At the start of this book, which is set in the summer of 1968, Delphine, Vonetta, and Fern Gaither (who are eleven, nine, and seven) are on their first airplane ride: they’re en route to visit their mother in California. Their mom, Cecile, left them when Delphine was only four and Fern was only a baby; she lives in Oakland now and the kids are going to spend four weeks with her. They have visions of an exciting summer vacation: trips to the beach, or to Disneyland. The reality of their trip is different: Cecile (who now goes by Nzila) is no more interested in motherhood now than she was before; she’s prickly and private and hardly wants to see her daughters. She initially won’t even let them in her kitchen (where she has a printing press); they eat take-out food off paper plates until Delphine insists on cooking proper meals. The day after the kids arrive, Nzila sends them to the People’s Center for breakfast, after which they stick around for the Black Panthers summer camp so they won’t be in her way. “We didn’t come for the revolution. We came for breakfast,” Vonetta says, that first day, but the girls keep going back, and they learn about Huey Newton and Bobby Hutton, about their “rights as citizens and how to protect those rights when dealing with the police,” about the Delano grape strike and solidarity with farm workers, and more.

Though Delphine initially feels like there’s “nothing and no one in all of Oakland to like,” the girls do end up making friends at the People’s Center, and they end up liking Oakland, too. After a day trip to San Francisco involving fun stuff (dumplings in Chinatown! a fortune cookie factory! a cable car ride!) and less fun stuff (being stared at by European tourists and glared at by a wary shopkeeper), Delphine thinks about how it feels good to be back in Oakland, where “no one stared, unless they were staring because they didn’t like your shoes or your hairstyle. Not because you were black or they thought you were stealing.”

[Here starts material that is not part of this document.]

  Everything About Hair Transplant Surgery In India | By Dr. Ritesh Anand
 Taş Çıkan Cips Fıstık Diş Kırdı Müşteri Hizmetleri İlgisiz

The book is narrated by Delphine, and her voice and perspective carry the story: she’s the oldest sister and is used to keeping her sisters in line and everything in order: she knows how to make a chicken dinner from scratch and when and how to break up Vonetta and Fern’s squabbles. “I anchored myself and my sisters as best as I could to brace us for whatever came next,” she says, about the bumpy plane ride at the book’s beginning, but that’s her general approach to life. She’s so busy watching out for her sisters that she doesn’t much think about her own wants and needs—and part of the arc of the book is her realizing she actually has wants of her own, her starting to notice her needs and pay attention to her feelings.

2 Responses to “One Crazy Summer by Rita Williams-Garcia”

  1. Jenny @ Reading the End Says:

    Ooh this is such a good reminder that I need to read the other books in this series! I read this first one a while ago and thought it was absolutely dear and sweet, and then the second one was checked out so I didn’t get it right away. And then I got distracted. Tale as old as time!

  2. Heather Says:

    Yay, and yes, I’m looking forward to reading the others too!